Your task
Copy the data exactly. Images are to be left out.

(Beginning of Given data)

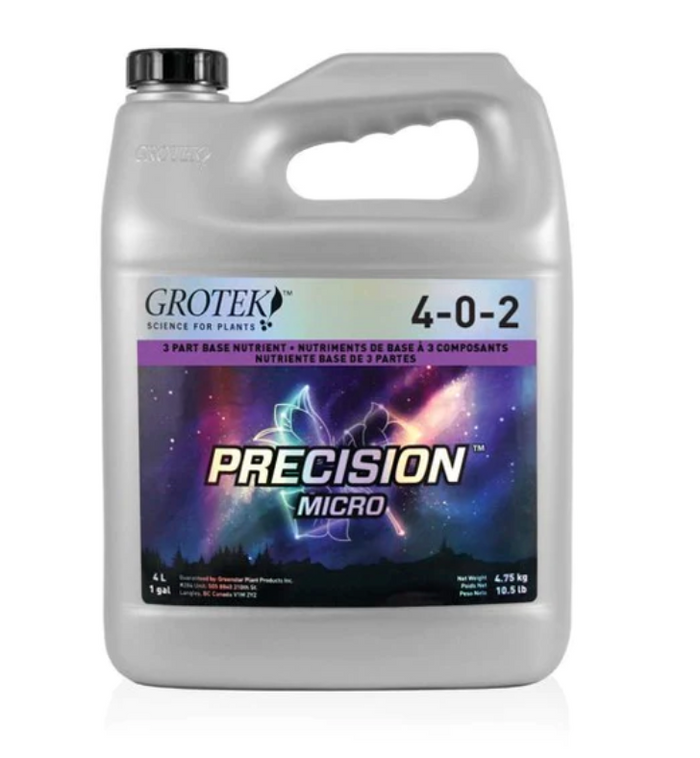 Grotek Precision Micro 4-0-2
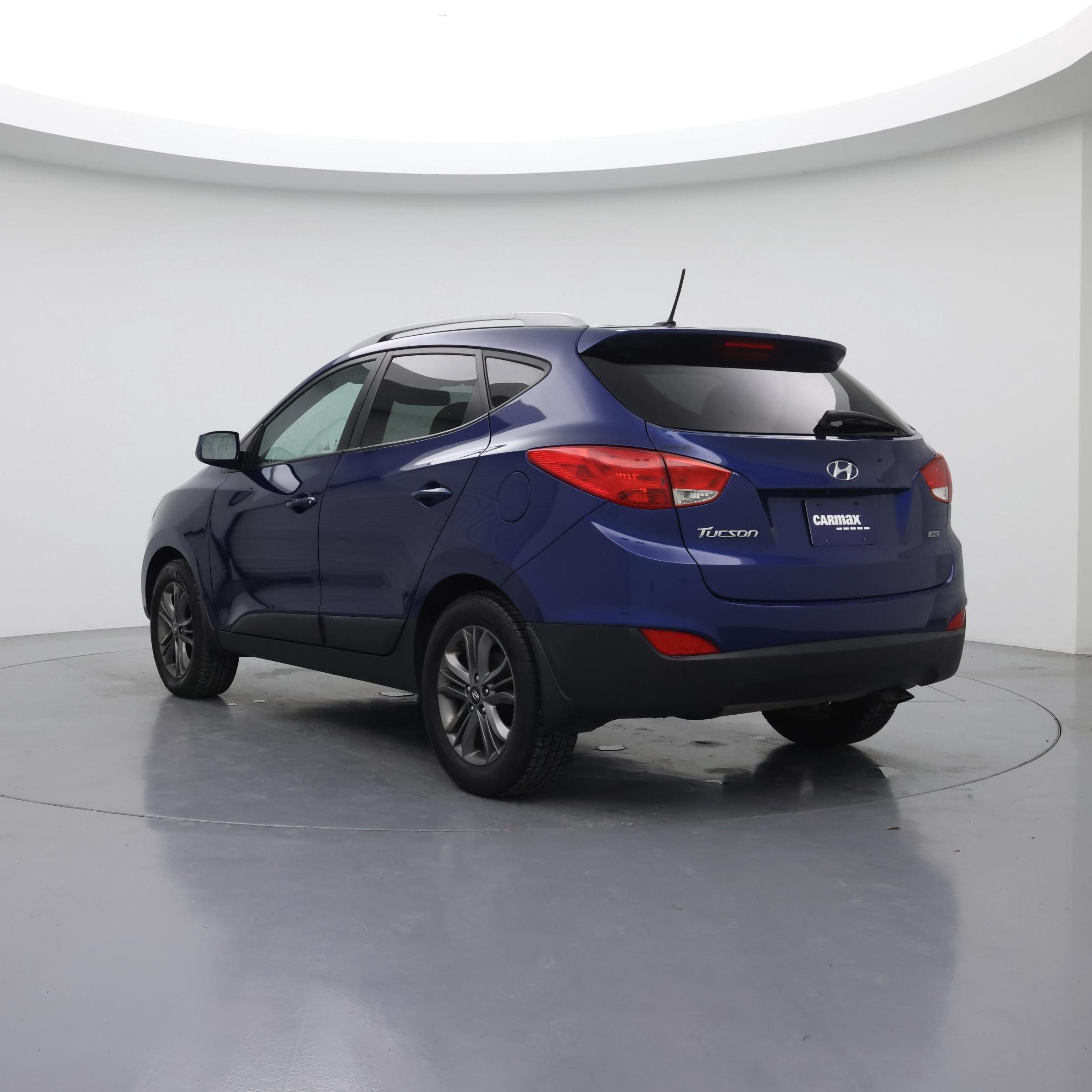 Thumbnail: 2015 Hyundai Tucson - 2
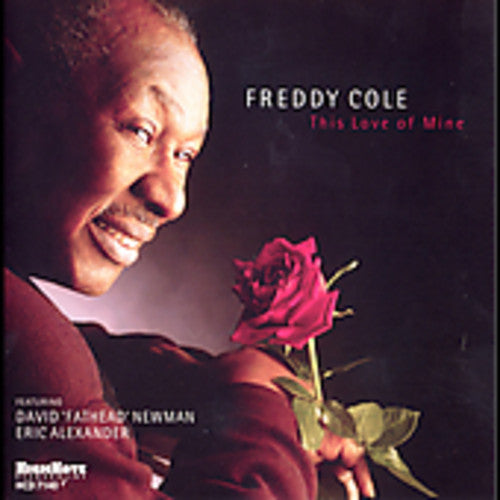 Freddy Cole: This Love of Mine - CD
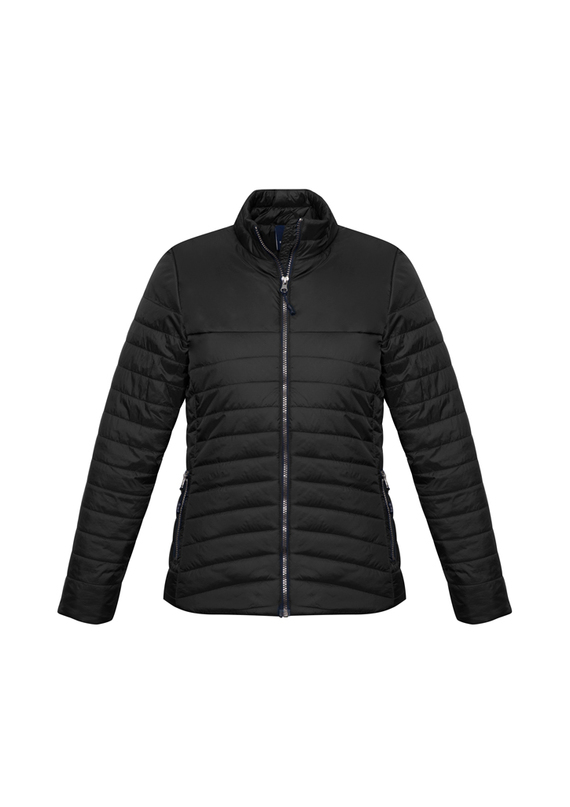 Expedition Ultra-Light Hi Loft Quilted Jacket - Women - Black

(End of Given data)

Exercise answer
 Grotek Precision Micro 4-0-2
 Thumbnail: 2015 Hyundai Tucson - 2
 Freddy Cole: This Love of Mine - CD
 Expedition Ultra-Light Hi Loft Quilted Jacket - Women - Black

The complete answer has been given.